Here's another problem that is equivalent to this one (see http://www.cs.huji.ac.il/~nati/PAPERS/gotsman_equivalence.pdf):
Consider a 2-coloring of the vertices of the n-dimensional hypercube. We say that it has a monochromatic k-star if there exists a vertex that is colored by the same color as at least k of its neighbors. Since the Hypercube is bipartite we can have a coloring without even a monochromatic 1-star -- this coloring will be exactly balanced (i.e. exactly half of the vertices get each color). What about non-balanced colorings? Define s(n) to be the largest number so that every non-balanced coloring of the n-dimensional hypercube contains a monochromatic s(n)-star. It turns out that s(n) is equal to the minimum possible sensitivity of a Boolean function of degree exactly n. [The basic idea is to look at the product of the coloring (viewed as {-1,1}) with the parity function on the n bits.
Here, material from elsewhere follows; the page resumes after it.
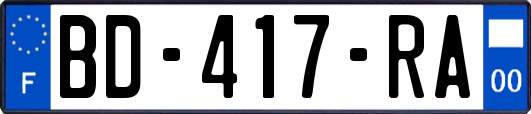 BD-417-RA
The non-balancedness translates to full degree and the k-star translates to sensitivity k.]
A related problem defines r(n) to be the largest number so that every non-balanced coloring of the n-dimensional hypercube contains a r(n)-star of the majority color. This was studied by Chung, Furedi, Graham, and Seymour in 1988 (see http://www.math.ucsd.edu/~sbutler/ron/88_06_induced_cube.pdf ) who give essentially the same bounds as known for s(n). Thus it is known that log n <= r(n) <= s(n) <= sqrt(n), and the conjecture is that both are at least n^a for some a>0.